Наконец, пережил я обед. Все торопливо бросились за карты, кроме доктора, который свято исполнял однажды возложенные на себя гигиенические правила: должен был после обеда 25 минут ходить по горнице для пищеварения.
Я обнял хозяина, который с искреннею добротою пожелал мне счастливого пути, и вышел на улицу, улыбаясь и приводя на память все пустые разговоры, которых был свидетель. Время было хорошо; хотелось походить, и я отправился на бульвар, идущий от Московской заставы до Сибирской. Бульвар этот превосходен; обхватывая полгорода с наружной стороны, он простирается версты три; огромные толстые березы, прямые и ветвистые, отделяют его с одной стороны от города, с другой – от обширного поля, и чугунные заставы, как черные, колоссальные латники, стерегут его с обеих сторон. Скупа природа того края: зелень едва виднелась и кой-где вешние цветы – бледные, слабые недоноски, долженствующие умереть от холодных утренников. Несмотря на это, какой-то человек гербаризировал. Тотчас узнал я вчерашнего незнакомца и пошел к нему. Он так был занят своей работой, что долго не замечал меня. Я взял его за руку, и он с видом сильной радости сказал, оборачиваясь:
– Итак, мне еще суждено видеть вас! Благословляю нашу вчерашнюю встречу. Вот уже два года не слыхал я человеческого голоса, а вчера ваши слова, как симфония Бетховена, как песнь родины, пробудили мою душу. Вы помирили меня с людьми, высказывая чувства, которые бились и в моей груди… Два года… много времени… и все чужое, кроме природы; мы с нею вдвоем и понимаем друг друга. Как звучен язык ее и как утешителен! Я всякий день бываю на этом поле, я люблю его. Мы старые знакомые; вот этот монтодон уже третьего дня распустился, и два раза виделись мы; люблю природу; говоря с нею, я отвык от человеческого языка… а вы мне напомнили его. Прелестен и он, когда выходит из самого сердца, когда не запылен…
Он приостановился.
– Вы, верно, много страдали, – сказал я, – верно, очень несчастны?

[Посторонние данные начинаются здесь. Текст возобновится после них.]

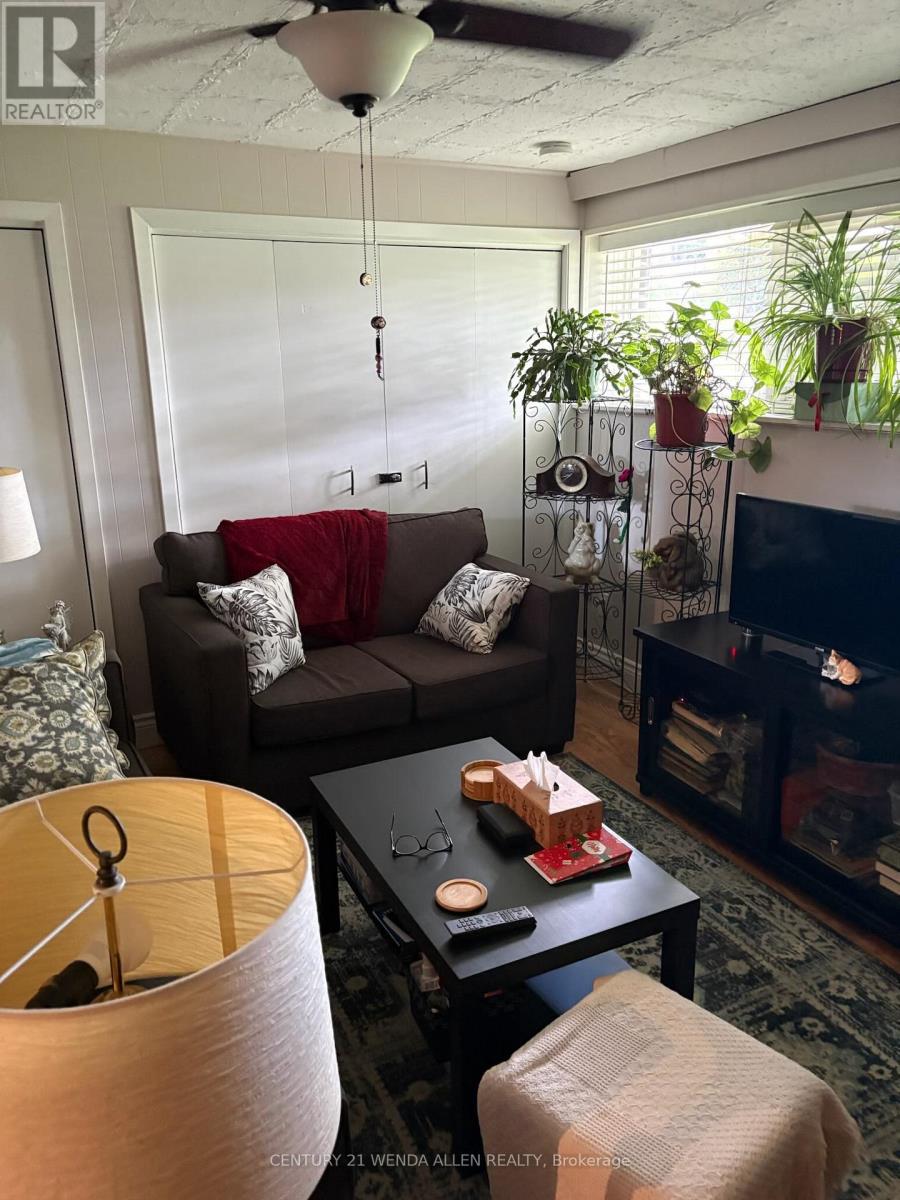 558 LANSDOWNE DRIVE - 7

– Да, я много страдал, но не несчастен. Несчастны они в своем счастии, а мы счастливы! С гордостию смотрю я на душу мою, всю в рубцах от гонений и бедствий, – ибо совесть моя чиста, ибо я, как воин, ни разу не бежал с поля несчастия. И вот я заброшен сюда и без куска хлеба, и все тот же, как был. Они ничего не отняли у меня – душа осталась. Да неужели вы не чувствовали особой сладости страданий высоких, страданий за истину? Правда, иные минуты доводят до отчаяния. Я помню, когда меня оторвали от моей жены во время ее родов и как она одна, без помощи служанки, покинутая всеми, мучилась смертельною болезнию. Холодный пот выступает, когда вздумаю… Но бог печется об несчастных – она выздоровела; теперь я без куска хлеба, а был богат; бедность гнетет иногда; но душа стала выше этих предрассудков. И можно ли за одно чистое, святое наслаждение созерцательной минуты взять целую жизнь, спокойную и безмятежную, этой толпы, которую ничто не греет, ничто не влечет?